Sikapnya yang terkadang usil, suka bercanda dan tertawa hanya ditunjukkan di depanku. Salahkah bila aku menafsirkannya secara berbeda? Salahkah bila aku menganggap bahwa diriku spesial di depannya? Salahkah bila aku menafsirkannya memiliki perasaan yang sama?
Pemikiran-pemikiran seperti itu acapkali bergelayut di kepala. Sebenarnya, seperti apa perasaannya terhadapku? Mengapa dia tidak pernah mengutarakannya? Haruskah aku dulu yang mengatakannya?

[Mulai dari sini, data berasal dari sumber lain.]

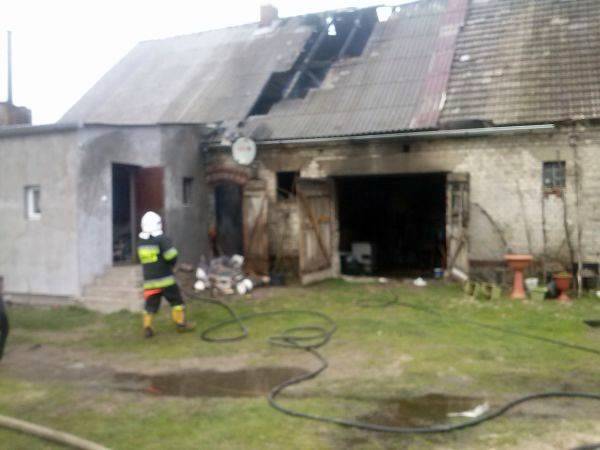 Pożar budynku w Wielkim Mędromierzu (ZDJĘCIA)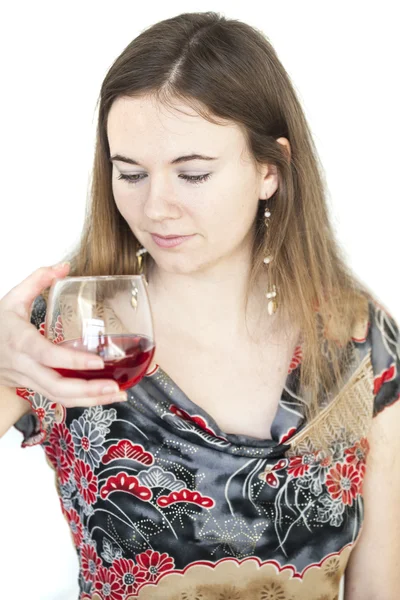 Mulher jovem com belos olhos verdes bebendo copo de vinho — Fotografia de Stock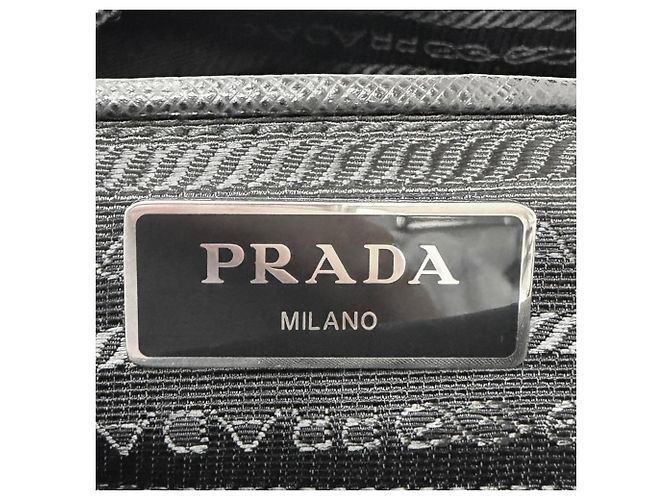 Borsa a tracolla Prada in pelle e Re-Nylon con logo triangolare Nero - vista 13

Ah, tidak, tidak. Menurut pesan Ibu, aku tidak boleh terlalu menunjukkan perasaan. Sebelum ada sikap yang jelas dari Pak Armand, aku harus memendam perasaan ini. Mungkin yang bisa kulakukan saat ini adalah memberikan perhatian semampu yang kubisa.
***
Layaknya anak sekolah yang sedang melakukan backstreet relationship, secara diam-diam aku membuatkan bekal. Kami memakan bekal itu bersama ketika para penghuni kantor sedang istirahat.
Di depan para staff yang lain, sikap kami biasa-biasa saja. Pak Armand bersikap kaku dan dingin ketika memberi perintah dan tugas. Namun, ketika kami hanya berdua, dia menunjukkan sikap yang berbeda.
"Gimana rasanya, Pak?"
"Hmm." Pak Armand mengacungkan kedua jempolnya sembari menyesapi sayap ayam yang dibaluri dengan cabe hijau.
"Em, ayam apa ini?"
"Namanya ayam sungkem. Enak, Pak?"
"Enak. Good." Lagi-lagi beliau mengacungkan kedua jempolnya. Mendapat pujian seperti itu membuatku melayang. Membuatkan bekal setiap hari membuatku spesial. Aku merasa seperti seorang istri yang membuatkan bekal suaminya. Apalagi bila pria itu memakannya dengan lahap dan memuji masakan yang kubuat.
"Sepertinya kamu tidak cocok kerja di bank."
"Terus? Cocoknya?"
"Masak kali ya. Masakanmu enak-enak." Pak Armand tidak berhenti mengunyah. Aku tahu Pak Armand sangat menyukai pedas, sehingga hampir tiap hari aku membuat menu pedas untuk menyenangkan hatinya.
"Saya tidak mau masak untuk orang lain, Pak."
"Bukannya aku orang lain? Kenapa kamu memasak untukku?"
"Ya, kalau Bapak, beda."
"Beda gimana?"
"Saya mau memasak hanya untuk Bapak. Di rumah Bapak. Apakah boleh?" Hah, pertahananku untuk tidak terlalu menunjukkan perasaan berakhir sudah. Secara tidak langsung, aku sudah menyatakan perasaanku. Pria yang pintar seperti Pak Armand, pasti bisa menangkap maksudku dengan jelas.
Aku menundukkan kepala sembari bermain-main dengan suwiran ayam di tangan, sama sekali tidak berani menatap wajah Pak Armand. Jantungku berdebar sangat kencang, menunggu jawaban yang akan terlontar.
"Kamu mau?" Dua kata yang berhasil membuatku tercengang.